What the exercise asks - Every line between the top of the data below and the line with "Chef Shilpa Dandekar", both ends included, must be retyped exactly.

[Web page caption snippets]
-------
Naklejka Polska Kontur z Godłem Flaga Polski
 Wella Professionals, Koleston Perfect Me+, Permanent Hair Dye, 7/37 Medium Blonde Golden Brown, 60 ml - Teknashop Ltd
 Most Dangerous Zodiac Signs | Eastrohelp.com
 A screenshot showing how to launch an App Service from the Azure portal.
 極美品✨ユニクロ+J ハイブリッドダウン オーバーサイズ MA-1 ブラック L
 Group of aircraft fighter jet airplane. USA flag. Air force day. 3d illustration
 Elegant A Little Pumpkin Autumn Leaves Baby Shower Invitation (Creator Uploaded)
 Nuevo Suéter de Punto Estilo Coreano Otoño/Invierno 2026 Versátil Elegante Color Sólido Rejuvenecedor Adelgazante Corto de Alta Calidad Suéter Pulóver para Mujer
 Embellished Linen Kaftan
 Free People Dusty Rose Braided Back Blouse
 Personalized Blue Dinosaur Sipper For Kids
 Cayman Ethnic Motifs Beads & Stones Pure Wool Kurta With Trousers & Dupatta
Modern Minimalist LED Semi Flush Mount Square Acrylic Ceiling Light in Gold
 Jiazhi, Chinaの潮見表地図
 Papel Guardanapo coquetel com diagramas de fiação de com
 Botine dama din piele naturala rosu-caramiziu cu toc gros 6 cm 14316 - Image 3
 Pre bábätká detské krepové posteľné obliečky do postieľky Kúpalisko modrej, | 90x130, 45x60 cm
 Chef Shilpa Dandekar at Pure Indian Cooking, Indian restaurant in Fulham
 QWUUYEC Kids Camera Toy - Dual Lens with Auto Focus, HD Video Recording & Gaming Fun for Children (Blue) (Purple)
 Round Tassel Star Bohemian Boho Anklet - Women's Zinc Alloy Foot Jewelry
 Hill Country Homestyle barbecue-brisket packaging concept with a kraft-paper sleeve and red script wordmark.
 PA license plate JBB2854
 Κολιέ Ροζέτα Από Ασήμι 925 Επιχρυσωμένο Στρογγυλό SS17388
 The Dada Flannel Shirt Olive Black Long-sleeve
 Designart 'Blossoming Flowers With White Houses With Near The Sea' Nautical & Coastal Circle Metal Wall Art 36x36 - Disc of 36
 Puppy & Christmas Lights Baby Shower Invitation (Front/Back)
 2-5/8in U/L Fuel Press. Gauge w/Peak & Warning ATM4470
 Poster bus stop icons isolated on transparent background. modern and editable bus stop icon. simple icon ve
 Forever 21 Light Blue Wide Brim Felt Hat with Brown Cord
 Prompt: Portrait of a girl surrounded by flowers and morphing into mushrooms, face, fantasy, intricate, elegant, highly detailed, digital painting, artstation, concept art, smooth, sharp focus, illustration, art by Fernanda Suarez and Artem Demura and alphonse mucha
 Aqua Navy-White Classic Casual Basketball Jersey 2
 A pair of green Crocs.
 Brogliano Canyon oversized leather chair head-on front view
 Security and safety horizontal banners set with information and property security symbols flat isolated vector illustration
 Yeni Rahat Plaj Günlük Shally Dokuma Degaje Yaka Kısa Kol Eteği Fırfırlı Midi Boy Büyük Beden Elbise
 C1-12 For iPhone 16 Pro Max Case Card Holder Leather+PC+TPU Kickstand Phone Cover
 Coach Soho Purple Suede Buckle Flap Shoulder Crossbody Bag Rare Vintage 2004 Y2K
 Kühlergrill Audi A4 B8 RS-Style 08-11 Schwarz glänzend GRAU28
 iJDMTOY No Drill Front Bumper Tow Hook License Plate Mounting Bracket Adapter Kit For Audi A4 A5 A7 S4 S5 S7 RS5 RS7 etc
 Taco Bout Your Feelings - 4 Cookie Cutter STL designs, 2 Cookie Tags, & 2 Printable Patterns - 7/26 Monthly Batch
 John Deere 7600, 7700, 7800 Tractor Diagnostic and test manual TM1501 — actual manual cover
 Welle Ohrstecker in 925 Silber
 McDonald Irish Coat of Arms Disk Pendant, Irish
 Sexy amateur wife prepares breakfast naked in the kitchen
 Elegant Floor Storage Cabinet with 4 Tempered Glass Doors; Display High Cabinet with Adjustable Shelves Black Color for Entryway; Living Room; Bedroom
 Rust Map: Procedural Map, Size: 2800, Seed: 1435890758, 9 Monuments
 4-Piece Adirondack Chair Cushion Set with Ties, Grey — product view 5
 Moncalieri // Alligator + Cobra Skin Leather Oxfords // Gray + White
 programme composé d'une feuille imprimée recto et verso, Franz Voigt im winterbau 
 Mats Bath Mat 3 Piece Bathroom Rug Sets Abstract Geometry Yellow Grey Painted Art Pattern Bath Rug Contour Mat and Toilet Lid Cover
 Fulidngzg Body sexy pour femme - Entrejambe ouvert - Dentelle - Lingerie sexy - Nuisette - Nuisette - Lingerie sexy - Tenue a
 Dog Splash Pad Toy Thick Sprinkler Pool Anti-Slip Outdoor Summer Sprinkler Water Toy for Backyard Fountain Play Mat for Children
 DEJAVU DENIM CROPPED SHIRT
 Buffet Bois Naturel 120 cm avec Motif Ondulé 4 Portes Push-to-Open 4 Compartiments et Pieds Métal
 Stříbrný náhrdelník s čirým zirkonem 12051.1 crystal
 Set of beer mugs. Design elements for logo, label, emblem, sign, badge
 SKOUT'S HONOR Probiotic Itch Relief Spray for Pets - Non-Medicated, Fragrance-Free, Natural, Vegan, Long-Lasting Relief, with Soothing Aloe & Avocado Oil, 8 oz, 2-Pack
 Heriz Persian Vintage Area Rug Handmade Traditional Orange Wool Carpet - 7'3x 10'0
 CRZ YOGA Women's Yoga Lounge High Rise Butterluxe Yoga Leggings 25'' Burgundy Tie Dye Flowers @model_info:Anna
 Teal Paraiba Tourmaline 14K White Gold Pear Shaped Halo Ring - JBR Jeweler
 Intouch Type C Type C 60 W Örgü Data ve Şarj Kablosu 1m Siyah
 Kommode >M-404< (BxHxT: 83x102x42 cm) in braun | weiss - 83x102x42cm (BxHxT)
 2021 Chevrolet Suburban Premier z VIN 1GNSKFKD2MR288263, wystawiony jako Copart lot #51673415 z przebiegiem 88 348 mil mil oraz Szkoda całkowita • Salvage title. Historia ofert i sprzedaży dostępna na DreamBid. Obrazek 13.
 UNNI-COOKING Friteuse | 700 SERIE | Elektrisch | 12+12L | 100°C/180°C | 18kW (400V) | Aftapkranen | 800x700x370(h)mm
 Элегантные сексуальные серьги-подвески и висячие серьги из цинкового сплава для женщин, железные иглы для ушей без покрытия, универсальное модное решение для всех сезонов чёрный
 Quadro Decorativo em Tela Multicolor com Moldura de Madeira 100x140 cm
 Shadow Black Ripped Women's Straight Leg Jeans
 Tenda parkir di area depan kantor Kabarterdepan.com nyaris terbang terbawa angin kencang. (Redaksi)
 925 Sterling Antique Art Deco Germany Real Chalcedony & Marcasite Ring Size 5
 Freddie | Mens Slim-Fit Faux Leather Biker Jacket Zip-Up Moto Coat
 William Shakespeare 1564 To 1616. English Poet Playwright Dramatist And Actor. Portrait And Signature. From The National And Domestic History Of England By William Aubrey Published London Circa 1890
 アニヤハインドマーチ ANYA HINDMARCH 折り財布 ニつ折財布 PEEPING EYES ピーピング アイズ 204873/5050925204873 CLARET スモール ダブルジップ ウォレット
-------
Completed task -
Naklejka Polska Kontur z Godłem Flaga Polski
 Wella Professionals, Koleston Perfect Me+, Permanent Hair Dye, 7/37 Medium Blonde Golden Brown, 60 ml - Teknashop Ltd
 Most Dangerous Zodiac Signs | Eastrohelp.com
 A screenshot showing how to launch an App Service from the Azure portal.
 極美品✨ユニクロ+J ハイブリッドダウン オーバーサイズ MA-1 ブラック L
 Group of aircraft fighter jet airplane. USA flag. Air force day. 3d illustration
 Elegant A Little Pumpkin Autumn Leaves Baby Shower Invitation (Creator Uploaded)
 Nuevo Suéter de Punto Estilo Coreano Otoño/Invierno 2026 Versátil Elegante Color Sólido Rejuvenecedor Adelgazante Corto de Alta Calidad Suéter Pulóver para Mujer
 Embellished Linen Kaftan
 Free People Dusty Rose Braided Back Blouse
 Personalized Blue Dinosaur Sipper For Kids
 Cayman Ethnic Motifs Beads & Stones Pure Wool Kurta With Trousers & Dupatta
Modern Minimalist LED Semi Flush Mount Square Acrylic Ceiling Light in Gold
 Jiazhi, Chinaの潮見表地図
 Papel Guardanapo coquetel com diagramas de fiação de com
 Botine dama din piele naturala rosu-caramiziu cu toc gros 6 cm 14316 - Image 3
 Pre bábätká detské krepové posteľné obliečky do postieľky Kúpalisko modrej, | 90x130, 45x60 cm
 Chef Shilpa Dandekar at Pure Indian Cooking, Indian restaurant in Fulham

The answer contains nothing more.